O médico explicou ainda que a inflamação não é reconhecida como pneumonia, mas como pneumonite. Esclareceu que as viroses, como gripes e resfriados, podem afetar nossos mecanismos de defesa que temos na traquéia e nos brônquios.
“As células que compõem a mucosa, que é o revestimento interno dos brônquios, têm uns `pelinhos´ microscópicos. Esses pelinhos (cílios) se movem produzindo um muco que forma uma capa feito uma goma em cima deles”, explicou.
O médico esclareceu que isso acaba funcionando como uma esteira rolante e que qualquer micróbio, poeira, ou poluente grudam no muco e os cílios, se movendo, impulsionam esses corpos estranhos em última análise na direção superior, sempre de baixo para cima.
“Esse é o primeiro mecanismo de defesa mais importante da via respiratória que se chama transporte mucociliar”, informou.
De acordo com o pneumologista, um resfriado comum costuma afetar as vias aéreas superiores, mas uma gripe pode inflamar a mucosa da traquéia, por exemplo, e comprometer esse transporte mucociliar.

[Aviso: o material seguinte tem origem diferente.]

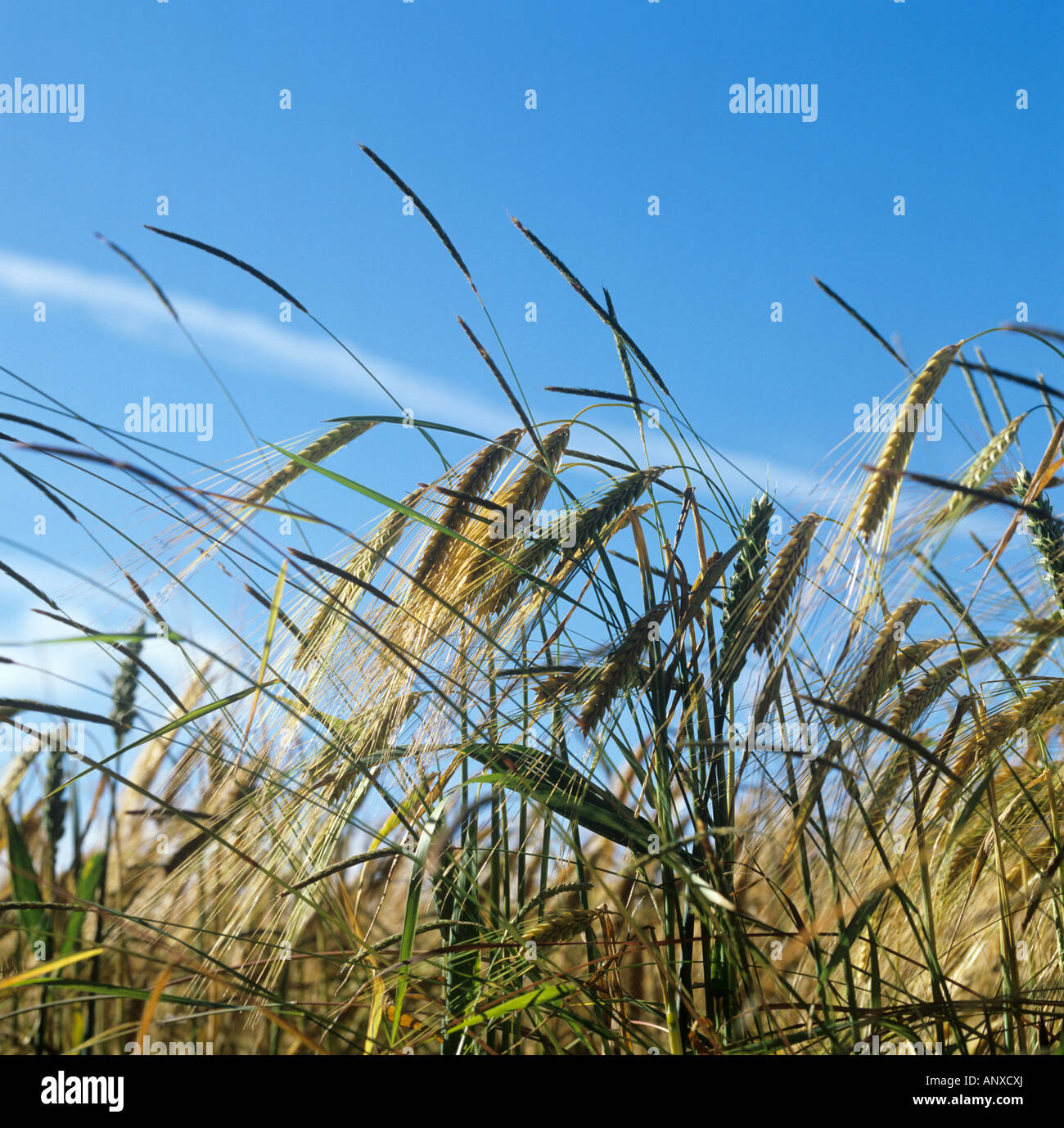 Flowering seeding spikes of blackgrass Alopecurus myosuroides annnual grass weeds in barley Stock Photo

“O que acontece é que uma bactéria que antes seria eliminada facilmente pode ficar presa na mucosa. A bactéria é um bichinho que se reproduz rapidamente. Se ficar estacionada em um cantinho sem ser incomodada, multiplica-se e vira uma colônia. Essa colônia de bactéria que adere ao tecido promove uma infecção”, justificou.
Tabaco
Segundo o Dr. Arnaldo Noronha, o cigarro também é um outro forte mecanismo para o aumento da probabilidade de infecção respiratória.
“Uma criança que convive em um ambiente onde há muitos fumantes tem maior incidência de infecção respiratória. Essas infecções tanto podem ser banais como podem se transformar em uma pneumonia.”
Evitando a doença
O especialista alerta sobre a importância de se ter uma vida mais saudável. “Vida mais sadia implica evitar o fumo, ingerir uma quantidade normal de proteínas, calorias, vitaminas e hidratar muito bem o organismo evitando bebida alcoólica”, disse.
De acordo com pesquisas, toda alimentação em que há uma quantidade grande de antioxidantes e medicamentos que agem contra os chamados radicais livres é boa para prevenir infecção, tumor e o envelhecimento.
“Alimentos que contêm flavonóides, carotenóides e vitaminas aumentam a quantidade de substâncias antioxidantes no organismo. Uma pessoa normalmente nutrida está protegida; sendo assim, quem se alimenta bem está fazendo o dever de casa”, garantiu.
O médico também argumentou que a fome é um problema mundial e que os acidentes ambientais deixam uma grande parte da população desabastecida.
“Esse fator pode, em um dado momento, gerar condições de déficit nutricional que propiciam infecções, pois qualquer bactéria pode causar uma pneumonia,” afirmou.